# Dish TV 301.Signal not found :S help  plzzzzz



## Rockstar11 (Oct 23, 2007)

From the past couple of days my DISHTV has been out with an “301 error - Signal not found”
I did try the basic things like reseting the box , removing the vc & inserting it back , checked the cable, the dish, everything seems to be in order. 
what's wrong with it? how can I fix this?
plzz help..


----------



## sourav (Oct 24, 2007)

i have a tatasky, no dishtv so i may be wrong the naming of some things.

first check that is anything is breaking your signal from satellite
second did you tried manually to change the direction of dishtv's antennaes face
if yes call dishtv walle

if my advise didn't work call dish tv walle.


----------



## Naren Parker (Oct 25, 2007)

Hey dude...Is it rainin at ur place??? If so, it'll take some time if the rain is damn heavy...Tune ur STB (Channel Search)
Note down the no. of channels and no. of audio channels..
It should be 177 nd 21 respectively
If not then u need to align ur dish..Call ur dealer!! He'll send someone!
Are u gettin this problem in all the channels??? Then ur dish is improperly ailgned or ur STB needs servicin..Again..Contact ur dealer....
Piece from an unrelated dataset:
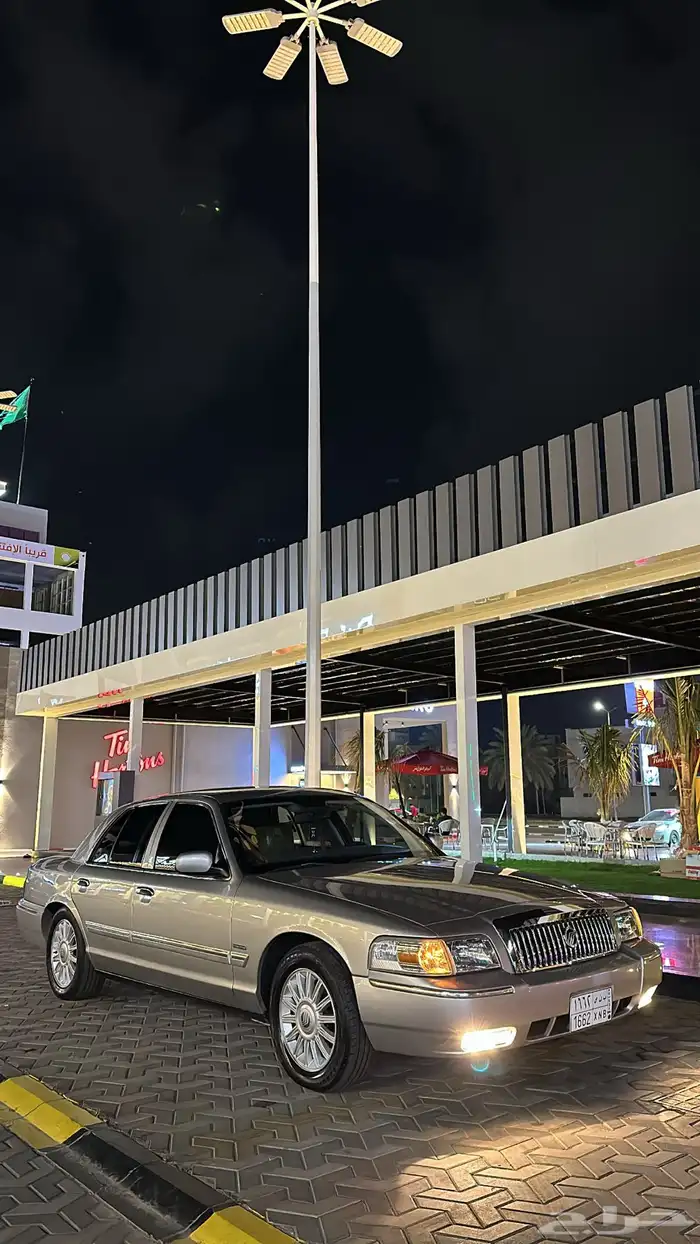 جراند ماركيز 2009 LS 1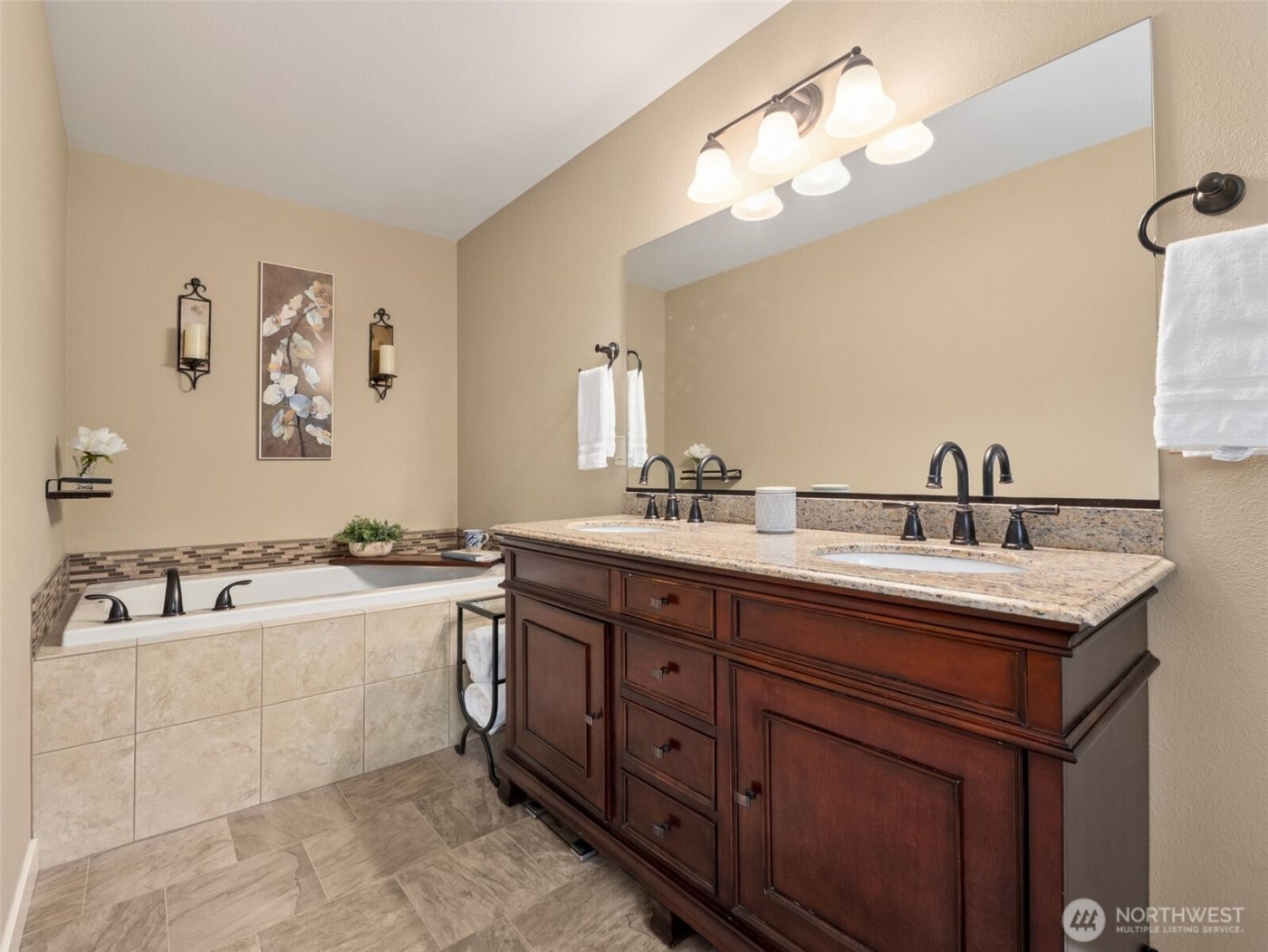 12430 136th Avenue E, Puyallup, WA 98374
Also, reset the STB in settings and perform channel search after alignment
Hope this solves ur problem.. Feel free to ask if in doubt!


----------



## Rockstar11 (Oct 27, 2007)

Hi Sourav and Naren Parker
thanks for reply.. 

nop not raining here.. weather is clean.
maine sab kuch check kiya.. sab kuch thik lag raha hai..

channel search bhi nahi ho rahi hai yaar..

installation failed .
verify if your set-top box is 
properly connected to the dish.
then press ok retry

hmm.... yes problem in all the channels. dishtv ki main info channel bhi nahi rahi hai..
jab bhi dishtv on karta hoon.. 301.Signal not found 

hey plzz tell me how to reset the STB ????


----------



## evewin89 (Oct 27, 2007)

i m using TATA sky... i think u should call DISH TV customer care 2 solve ur problem.


----------



## sourav (Oct 27, 2007)

did u also checked the connection from disk to ur stb??


----------



## Rockstar11 (Oct 27, 2007)

sourav said:
			
		

> did u also checked the connection from disk to ur stb??



yes sab kuch check kiya..

i think ab mujhe dealer se contact karna padega.. phir dekhte hai..
thanks for replay friends


----------



## srikanthgss (Oct 28, 2007)

Hmm...has your subscription expired ? Just check it. Also try doing a channel search again .


----------



## Rockstar11 (Jan 16, 2008)

hi
dish tv apane aap phir se suru ho gaya 
thanks for the replay guys


----------



## praka123 (Jan 16, 2008)

^a que...are u satisfied with dish tv?esp the monthly subscriptions


----------



## Rockstar11 (Jan 16, 2008)

^ hmmm..  yes
DISH MAXI Rs.300* per month 
*www.dishtvindia.in/static/packDishmaxi.asp


----------